This should scare us, since most of us don’t want to
admit that our excessive lifestyles may be rooted in these kind of
situations and our eccentricities may stem from deeper rooted
occurrences. However,
no matter how far the film goes, it could have gone farther,
compacting things a bit more, excising certain unnecessary things,
and made it a more powerful story than it is. Thankfully, the full
circle conclusion saves some face, as its characters
have to deal with the repercussions of actions and decisions.
It didn’t quite make the journey worth the ride, but it
showed that there was indeed something great lurking just under
the surface. There is
one disturbing sequence in the movie that may seem thrown in for
shock value at the time, but if you reflect on it later, may be
the most powerful representation of the damage that these types of
actions can cause. It
makes the audience almost want to scream at the character, pray
for intervention or hope that its all a dream.
But alas, as the montage shows afterwards, life is not a
dream, and neither are the messages that these characters convey.
Van der Beek is
definitely trying to shatter his pretty boy, clean cut image with
this one in a similar manner that Cruise did in Interview with The
Vampire. He uses
those piercing eyes and disarming smile to mask a devious agenda
beneath. Although his
sensitivity still exists, we are given enough reason to doubt and
suspect Sean of having ulterior motives.
Soussamon finally shows some acting ability, after fluffy
roles in Knights Tale and 40 Days, 40 Nights.
Her natural beauty definitely conflicts with the troubled
road that her character drives herself down.
These are dark, moody performances which carry the film
even through its lulls. Mix
in some cameos, some of which work (Stoltz as an adulterous
professor, Dunaway and Kurtz as
overindulgent, oblivious parents who reflect how their children
may have ended up with issues) to a seemingly overatcing Collins, as the
maniacal, but pointless drug dealer.

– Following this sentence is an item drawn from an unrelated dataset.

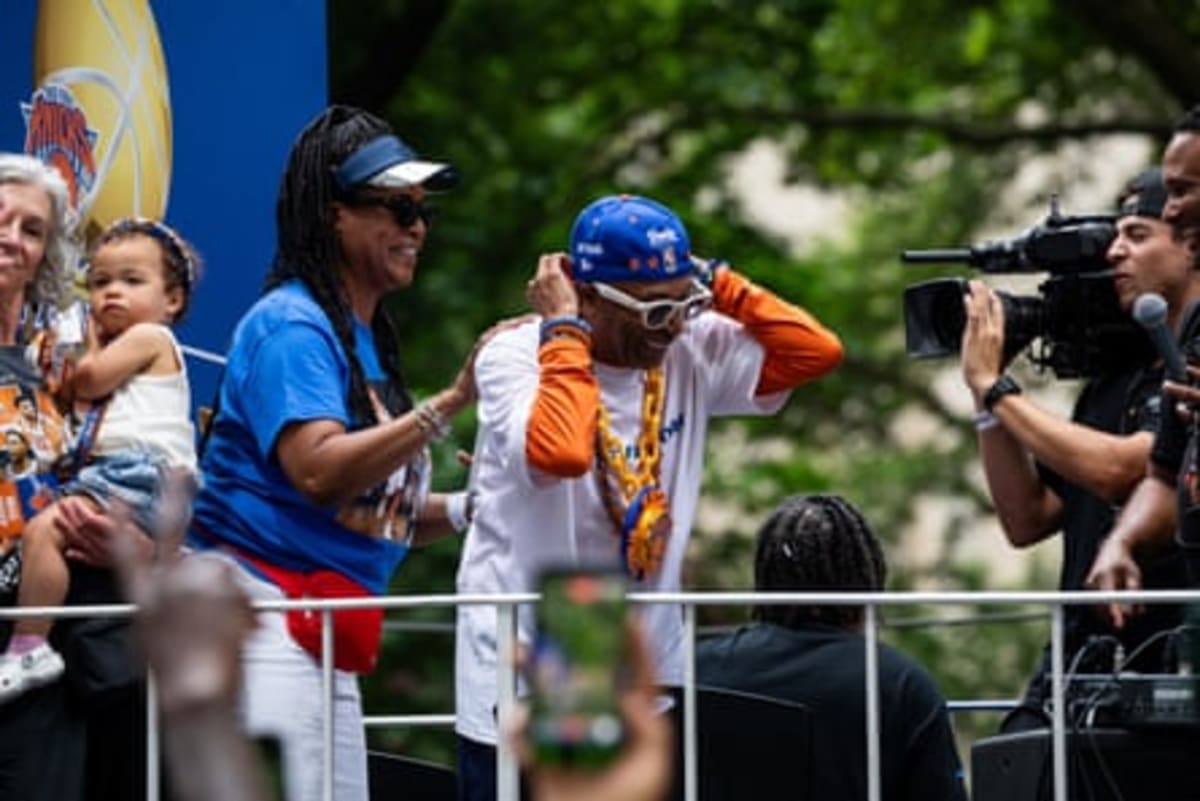Thousands Celebrate Knicks' First Title in 52 Years - Image 5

These reflect both
realized and wasted potentials of the film.
Ultimately,
The Rules of Attraction is a film that does a lot of things right,
but misfires one too many times for me to recommend it completely.
We all seek perfection, happiness and acceptance in all
that we do, and when there are so many vices available to exorcise
these needs, we feel we must indulge them.
This was definitely promising and showed great potential
for a much better story, but I have to believe that Avary lost
Ellis’s edge and intentions while trying to make the film more
appealing for the very demographic that the film skewers.
The promise is diluted in long, drawn out scenarios and
situations. Avary, who
co-wrote Pulp Fiction and helmed the unappreciated heist film
Killing Zoe, showcases his talent at utilizing the camea as a
character of its own. From his whirlwind recap of a hedonistic European vacation
to the split screen camera meeting between Sean and Lauren,
he truly gives this film a touch of style and
thoughtfulness. For all this magic though, something was still missing.
I really tried to like this film, there were so many
moments of hope; the entire backwards nature reflects
how things make much more sense when told in reverse, or at least
remembered that way. Unfortunately, for every one of these
moments, there are too many droll stretches that dilute the
overall message.
I was very conflicted on how to rate this movie.
On one hand, it spits in the face of most conventional
storytelling methods and successfully uses camera work to add an
additional edge and impact to things.
Told in normal fashion, this would be little more than a
Lifetime teen movie of the week.
So that was in the films favor.
Still, I was left yearning for more.
The moments that transition these sequences seem
languishing if not altogether unnecessary.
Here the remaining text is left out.